Maximal Biclique: A complete bipartite subgraph, that isn't a subgraph of another complete bipartite subgraph.
Given a bipartite graph $G=(V_{1}\cup V_{2}, E)$ where $|V_{1}|=|V_{2}|$ with probability $p$ of there being an edge from any $a\in V_{1}$ to any $b\in V_{2}$, what is the expected number of maximal bicliques?
What I have worked out is the upper and lower bounds:
Lower Bound: 1 or 2. If $|E|$ is divisible by $n$, then $\frac{|E|}{n}$ nodes can be connected to completely to $\frac{|E|}{n}$ other nodes, making one maximal biclique. Otherwise, connect $\frac{|E|}{n}$ nodes completely to $\frac{|E|}{n}$ nodes and connect one node to $|E|(mod\ n)$ nodes.
Upper Bound: There are $2^n$ unique subsets, the empty set and the entire set not included, leaves $2^n-2$ subsets. Therefore, there can be at most $2^n-2$ maximal bicliques. This upper bound is achievable when there are $n^2-n$ edges (I can prove this if anyone wants me to).
Both of these results are also easily extended to bipartite graphs where $|V_{1}|\neq |V_{2}|$.
The upper and lower bounds are both fairly trivial for the most part and it's the expected number of maximal bicliques that I've had the most trouble with.

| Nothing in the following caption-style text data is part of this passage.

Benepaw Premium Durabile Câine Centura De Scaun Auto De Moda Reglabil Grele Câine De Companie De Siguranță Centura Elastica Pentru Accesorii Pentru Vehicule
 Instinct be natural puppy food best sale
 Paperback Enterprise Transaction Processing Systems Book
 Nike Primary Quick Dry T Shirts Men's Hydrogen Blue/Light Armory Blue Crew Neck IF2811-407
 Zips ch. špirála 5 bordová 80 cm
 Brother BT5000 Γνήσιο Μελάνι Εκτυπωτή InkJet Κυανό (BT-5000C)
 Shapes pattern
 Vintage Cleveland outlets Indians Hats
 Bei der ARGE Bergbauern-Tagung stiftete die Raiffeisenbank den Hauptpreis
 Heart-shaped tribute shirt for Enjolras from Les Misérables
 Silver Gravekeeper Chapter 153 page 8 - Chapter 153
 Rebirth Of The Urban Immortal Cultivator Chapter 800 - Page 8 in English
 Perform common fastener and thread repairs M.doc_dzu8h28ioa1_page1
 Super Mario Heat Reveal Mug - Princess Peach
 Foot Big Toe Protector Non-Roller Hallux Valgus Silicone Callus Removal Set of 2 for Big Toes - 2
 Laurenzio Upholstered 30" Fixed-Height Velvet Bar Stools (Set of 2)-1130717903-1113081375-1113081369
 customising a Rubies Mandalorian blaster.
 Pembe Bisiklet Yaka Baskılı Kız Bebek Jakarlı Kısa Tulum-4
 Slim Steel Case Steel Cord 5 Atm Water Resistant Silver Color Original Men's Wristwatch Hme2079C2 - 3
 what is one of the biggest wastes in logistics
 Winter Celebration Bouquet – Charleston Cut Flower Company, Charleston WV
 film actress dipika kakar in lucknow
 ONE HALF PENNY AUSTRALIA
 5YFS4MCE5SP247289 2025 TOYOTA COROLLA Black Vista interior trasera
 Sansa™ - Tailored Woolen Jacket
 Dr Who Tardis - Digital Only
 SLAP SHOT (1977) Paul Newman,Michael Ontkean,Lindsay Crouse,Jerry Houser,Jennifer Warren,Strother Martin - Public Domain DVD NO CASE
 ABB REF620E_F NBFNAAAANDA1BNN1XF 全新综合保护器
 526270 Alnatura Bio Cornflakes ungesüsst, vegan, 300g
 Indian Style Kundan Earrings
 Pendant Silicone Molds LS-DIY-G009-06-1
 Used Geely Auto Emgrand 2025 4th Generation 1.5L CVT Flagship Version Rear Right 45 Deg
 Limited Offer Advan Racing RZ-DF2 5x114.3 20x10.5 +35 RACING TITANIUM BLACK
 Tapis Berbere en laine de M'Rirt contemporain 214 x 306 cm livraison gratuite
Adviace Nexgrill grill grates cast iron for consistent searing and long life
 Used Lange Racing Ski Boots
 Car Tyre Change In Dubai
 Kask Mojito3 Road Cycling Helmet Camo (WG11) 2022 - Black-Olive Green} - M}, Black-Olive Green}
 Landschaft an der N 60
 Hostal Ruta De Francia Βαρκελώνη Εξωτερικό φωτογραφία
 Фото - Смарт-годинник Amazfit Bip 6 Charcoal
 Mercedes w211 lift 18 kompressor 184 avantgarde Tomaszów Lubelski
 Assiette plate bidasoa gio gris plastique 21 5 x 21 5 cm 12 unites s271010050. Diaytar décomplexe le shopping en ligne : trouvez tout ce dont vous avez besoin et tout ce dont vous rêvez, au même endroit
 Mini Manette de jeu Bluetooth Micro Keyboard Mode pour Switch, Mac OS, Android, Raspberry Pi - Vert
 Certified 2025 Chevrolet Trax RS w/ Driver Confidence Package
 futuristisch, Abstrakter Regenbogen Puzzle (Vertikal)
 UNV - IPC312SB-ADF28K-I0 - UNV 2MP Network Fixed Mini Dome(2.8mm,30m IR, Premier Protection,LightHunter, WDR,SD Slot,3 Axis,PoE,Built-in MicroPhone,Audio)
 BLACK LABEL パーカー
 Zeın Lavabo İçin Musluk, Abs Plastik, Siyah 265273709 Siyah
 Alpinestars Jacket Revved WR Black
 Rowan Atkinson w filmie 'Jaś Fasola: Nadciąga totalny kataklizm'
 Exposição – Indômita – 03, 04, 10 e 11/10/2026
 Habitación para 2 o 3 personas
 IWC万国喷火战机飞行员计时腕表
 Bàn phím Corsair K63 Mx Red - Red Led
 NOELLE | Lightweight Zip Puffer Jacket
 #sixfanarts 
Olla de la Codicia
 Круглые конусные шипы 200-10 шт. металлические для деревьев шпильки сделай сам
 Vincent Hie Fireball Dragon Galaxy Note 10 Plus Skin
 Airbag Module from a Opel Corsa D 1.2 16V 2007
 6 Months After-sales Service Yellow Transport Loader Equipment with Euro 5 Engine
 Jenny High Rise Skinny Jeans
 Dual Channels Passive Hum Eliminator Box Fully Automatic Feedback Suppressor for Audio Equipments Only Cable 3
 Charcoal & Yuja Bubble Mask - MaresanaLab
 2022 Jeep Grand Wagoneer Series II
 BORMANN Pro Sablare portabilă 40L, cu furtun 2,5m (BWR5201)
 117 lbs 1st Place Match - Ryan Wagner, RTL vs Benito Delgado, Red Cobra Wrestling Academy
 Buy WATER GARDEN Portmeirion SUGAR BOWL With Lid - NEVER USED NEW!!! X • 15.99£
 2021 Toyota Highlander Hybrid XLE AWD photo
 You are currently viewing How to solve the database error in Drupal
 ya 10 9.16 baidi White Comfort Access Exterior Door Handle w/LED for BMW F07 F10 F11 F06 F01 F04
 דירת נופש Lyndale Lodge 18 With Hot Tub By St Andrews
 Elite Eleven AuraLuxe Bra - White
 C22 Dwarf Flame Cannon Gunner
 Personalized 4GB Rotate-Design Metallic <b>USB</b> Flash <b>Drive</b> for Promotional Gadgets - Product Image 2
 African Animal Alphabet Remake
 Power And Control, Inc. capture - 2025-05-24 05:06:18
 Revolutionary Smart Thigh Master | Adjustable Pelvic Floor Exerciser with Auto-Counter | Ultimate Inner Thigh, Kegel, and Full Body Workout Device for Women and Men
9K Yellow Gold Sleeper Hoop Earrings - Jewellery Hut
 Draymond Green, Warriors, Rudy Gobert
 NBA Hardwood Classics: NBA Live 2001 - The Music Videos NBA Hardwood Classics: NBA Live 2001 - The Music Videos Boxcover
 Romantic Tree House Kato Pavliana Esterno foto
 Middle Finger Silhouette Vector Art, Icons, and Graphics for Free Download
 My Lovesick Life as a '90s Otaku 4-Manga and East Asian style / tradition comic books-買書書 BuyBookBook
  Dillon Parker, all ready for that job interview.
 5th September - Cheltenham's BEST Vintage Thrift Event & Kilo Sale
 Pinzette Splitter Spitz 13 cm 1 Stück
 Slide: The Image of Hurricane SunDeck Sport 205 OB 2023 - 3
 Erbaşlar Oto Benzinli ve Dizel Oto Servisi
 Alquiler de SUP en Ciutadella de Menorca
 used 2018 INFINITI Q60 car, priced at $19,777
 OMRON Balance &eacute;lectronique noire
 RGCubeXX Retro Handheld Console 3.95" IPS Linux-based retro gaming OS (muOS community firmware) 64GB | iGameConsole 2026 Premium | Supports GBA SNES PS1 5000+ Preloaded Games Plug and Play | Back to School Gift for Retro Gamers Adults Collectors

I've done a little work analyzing simple cases and brute forcing the expected number for small values of $n$ (I suppose I could write a program to brute force larger values of $n$), but it hasn't amounted to anything worth saying.
I'd appreciate any suggestions for methods of attacking the problem or references that I might find useful.